Versioning & Retrieving Files From AWS S3 With Boto

Introduction

Amazon S3 (Amazon Simple Storage Service) is an object storage service offered by Amazon Web Services. For S3 buckets, if versioning is enabled, users can preserve, retrieve, and restore every version of the object stored in the bucket.

In this article, we will understand how to enable versioning for a bucket and retrieve all versions of an object from AWS web interface as well as Python boto library.

Versioning of Bucket

Bucket versioning can be changed with a toggle button from the AWS web console in the bucket properties.

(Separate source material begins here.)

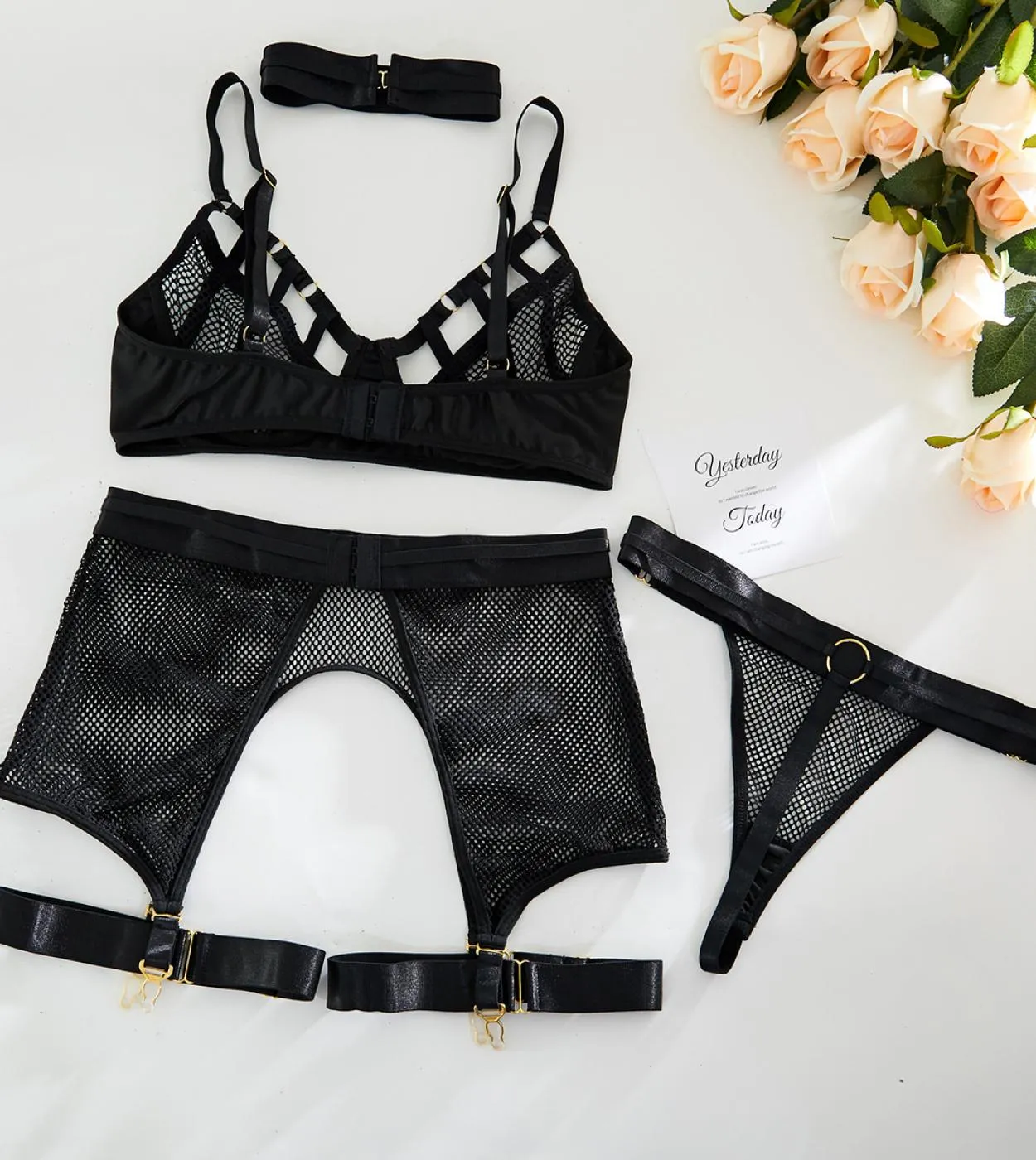 Set di biancheria intima da donna Set di reggiseni per lingerie nero nero Set di reggiseni in rete da 4 pezzi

We can do the same with Python boto3 library.

import boto3


bucket_name = 'avilpage'

s3 = boto3.resource('s3')
versioning = s3.BucketVersioning(bucket_name)

# check status
print(versioning.status)

# enable versioning
versioning.enable()

# disable versioning
versioning.suspend()

Retrieving Objects

Once versioning is enabled, we can store multiple versions of an object by uploading an object multiple times with the same key.

We can write a simple script to generate a text file with a random text and upload it to S3.

import random
import string

import boto3

file_name = 'test.txt'
key = file_name
s3 = boto3.client('s3')

with open(file_name, 'w') as fh:
    data = ''.join(random.choice(string.ascii_letters) for _ in range(10))
    fh.write(data)

s3.upload_file(key, bucket_name, file_name)

If this script is executed multiple times, the same file gets overridden with a different version id with the same key in the bucket.

We can see all the versions of the file from the bucket by selecting the file and then clicking drop-down at Latest version.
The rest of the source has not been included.